Si cette jurisprudence vaut généralement, qu'en est-il spécialement des biens intégrés au domaine public sur le fondement de la théorie du domaine public virtuel ? C'est à cette question spécifique que répond l'arrêt du 8 avril 2013, lequel s'inscrit totalement dans la jurisprudence "Commune de Port-Vendres" en l'appliquant au domaine public virtuel. Au regard du statut domanial d'un bien au 1er juillet 2006, le fondement de son incorporation dans le domaine public est sans conséquence. Peu importe qu'à cette date, le bien soit dans le domaine public au titre de l'ancienne définition jurisprudentielle, au titre d'une ancienne définition spéciale (par exemple, l'ordonnance de Colbert d'août 1681) ou encore au titre de la théorie du domaine public virtuel. Seule compte, au 1er juillet 2006, l'appartenance, ou non, d'un bien au domaine public.

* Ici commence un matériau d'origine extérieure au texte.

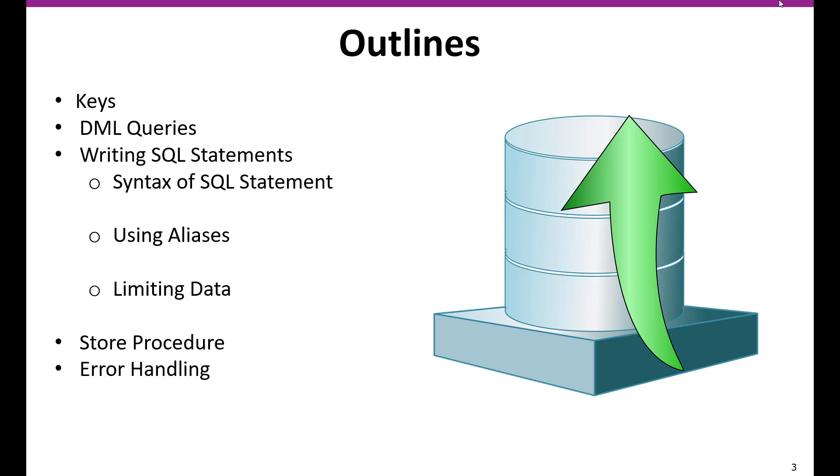And then we are going to learn about different kinds of keys like primary key, foreign key, and other keys. And then we are going to deep dive into data manipulation language. With the DML statements, we are going to write complex queries. We are going to learn about the SQL statements, what is SQL alias, how to limit the data, how to write the optimized query with help of stored procedures. And then we are going to learn about how to handle the errors in the SQL queries.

Cela signifie que, dans le cadre de la définition générale du domaine public, le Conseil d'Etat estime que le Code général de la propriété des personnes publiques n'a modifié que les critères d'incorporation au domaine public, et non la consistance même du domaine public : en conséquence, au 1er juillet 2006, si les anciens critères meurent, la consistance demeure. Pour tous les biens relevant du domaine public constatés au 1er juillet 2006 (c'est-à-dire constitués antérieurement), seuls les anciens critères -jurisprudentiels ou non- sont opérants. C'est donc le droit en vigueur au moment de l'appartenance au domaine public qui régit les critères de l'incorporation.
Ainsi donc, s'il n'est plus possible, depuis l'entrée en vigueur du Code général de la propriété des personnes publiques, de constituer le domaine public sur le fondement de la théorie du domaine public virtuel, il est encore possible de le constater sur le fondement de cette théorie.
Lexbase : Au final, cet arrêt ne pose-t-il pas un principe trop favorable à la puissance publique vis-à-vis des particuliers ?
Christophe Fardet : Le principe posé par le Conseil d'Etat dans l'arrêt "Commune de Port-Vendres", et dont l'arrêt du 8 avril 2013 n'est que le prolongement logique, n'est pas, en soi, favorable à la puissance publique ou au contraire aux particuliers. A la réflexion, la critique, de ce point de vue, devrait se situer sur un autre terrain.
D'une part, et l'arrêt "Eurolat" de 1985 en est l'exemple topique, la théorie du domaine public virtuel a d'abord été défavorable aux personnes publiques en leur interdisant de valoriser bon nombre de parcelles domaniales : c'est pourquoi le législateur est intervenu dès 1988 pour permettre la constitution de droits réels sur certains biens publics.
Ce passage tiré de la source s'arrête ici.